Low-floor buses usually include an area without seating (or seating that folds up) next to at least one of the doors, where wheelchairs, walkers, strollers/prams, and where allowed even bicycles, can be parked. This is sometimes not the only purpose of this area, though, as many operators employ larger standee areas for high occupancy at peak times. Despite the space existing, operators may also insist that only one or two wheelchairs or pushchairs can be accommodated unfolded, due to space/safety concerns.
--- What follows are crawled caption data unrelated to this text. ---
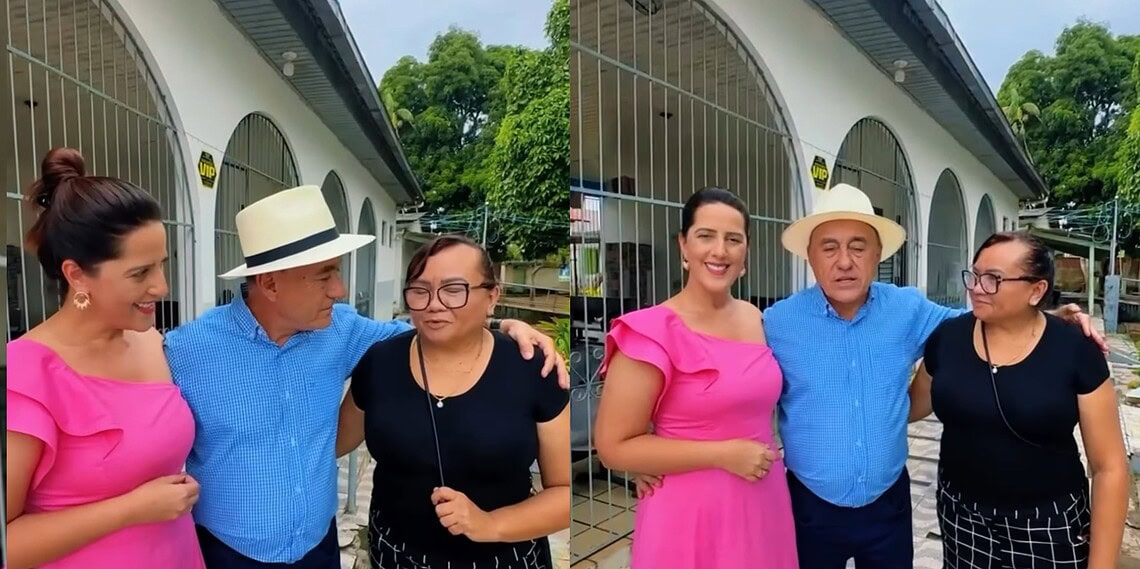 Foto: Reprodução/redes sociais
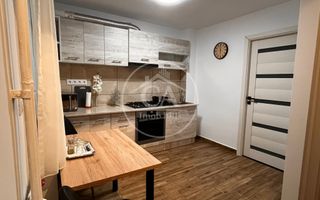 Apartament cu 2 camere de închiriat în zona Central, Oradea - Poză 4
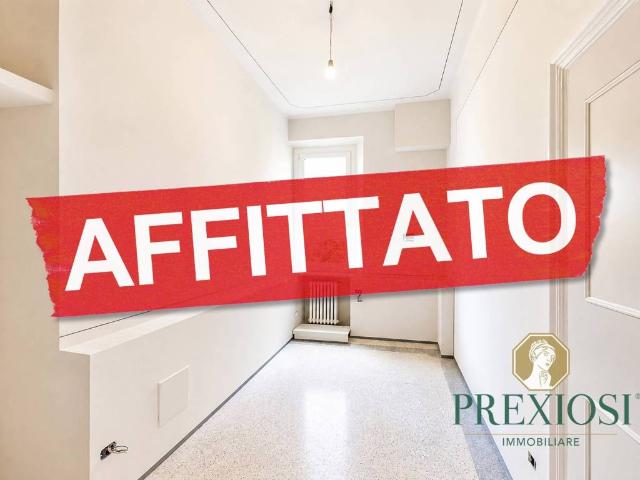Appartamento in affitto a Verona VR
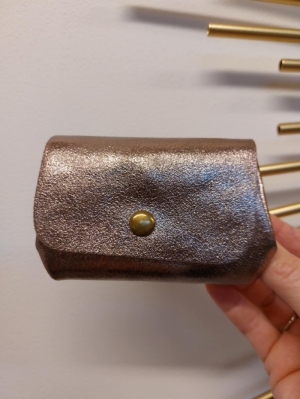  BRONZE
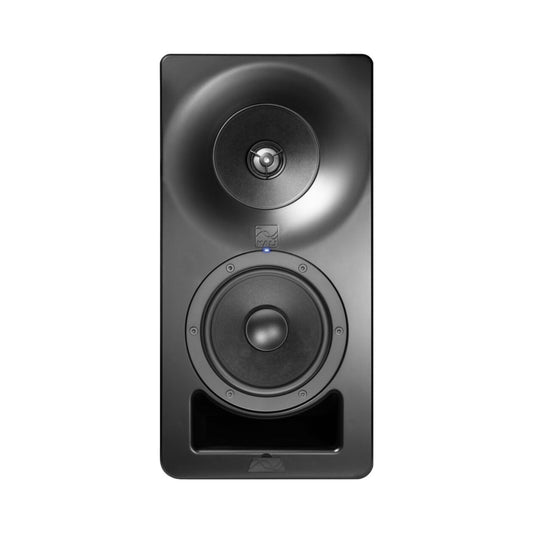 Kali Audio SM-5 3-Way 5" 225W Active Studio Monitor (Single)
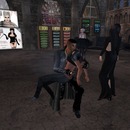 Thumb 53785737a73e211066000001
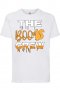Детска тениска The Boo Crew 1,Halloween,Хелоуин,Празник,Забавление,Изненада,Обичаи,, снимка 2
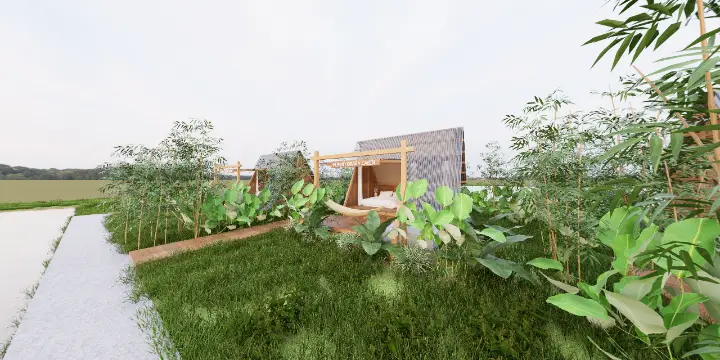 Scene 2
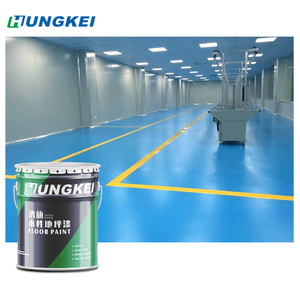 Chất Lượng Cao Solventtype Sắt Red Oxide Sơn Để Bán Tự San Lấp Mặt Bằng Kim Loại Sàn <span class=keywords><strong>Epoxy</strong></span> Lỏng Silicone <span class=keywords><strong>Primer</strong></span> - Product Image 1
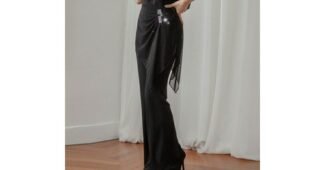 댄스복 선택하기 어려워하는 당신을 위한 순위 구매포인트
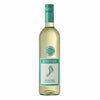 BAREFOOT MOS 750ML bottle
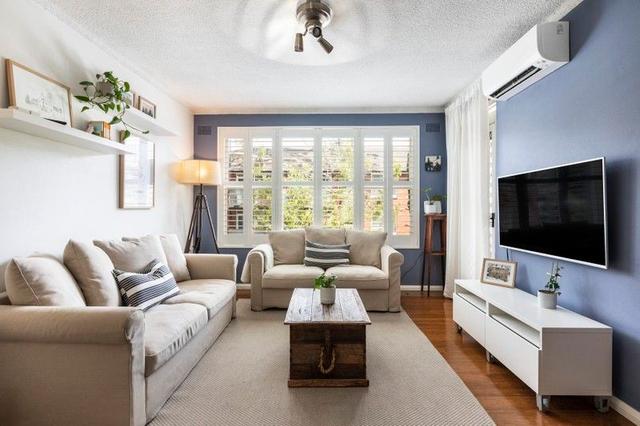2/61 Ryde Road, NSW 2110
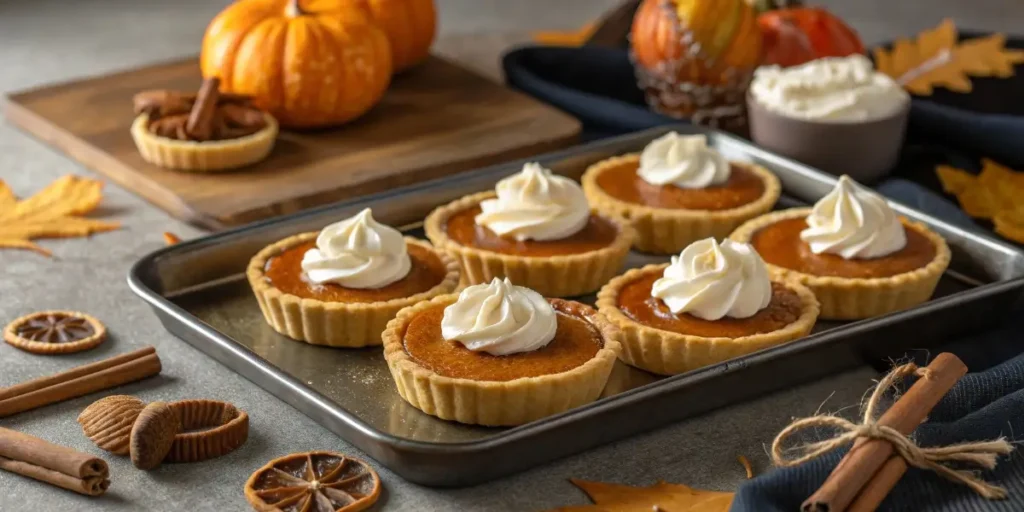libbys-mini-pumpkin-pies-variations.jpg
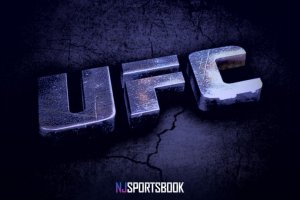 UFC TO ENHANCE FIGHT FANS’ BETTING EXPERIENCE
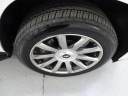 Thumbnail image of 2021 Cadillac Escalade at Johnson Dodge Chrysler Jeep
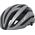 Giro Kask szosowy GIRO CIELO MIPS matte sharkskin roz. M (55-59 cm) (NEW 2024)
Low floors can be complemented by a hydraulic or pneumatic 'kneeling device', which can be used when the bus is not in motion, tilting it or lowering it at the front axle even further, often down to normal curb height. Depending on how close to the curb the bus is parked and wheelchair design, this can allow wheelchair users to board unaided. Though such technology has been available and in use on high-floor buses since the 1970s, it is of significant utility on low-floor vehicles only where it enables less-mobile passengers to board and leave the vehicle without help from others. Many vehicles are also equipped with wheel-chair lifts, or ramps which, when combined with a low floor, can provide a nearly level entry.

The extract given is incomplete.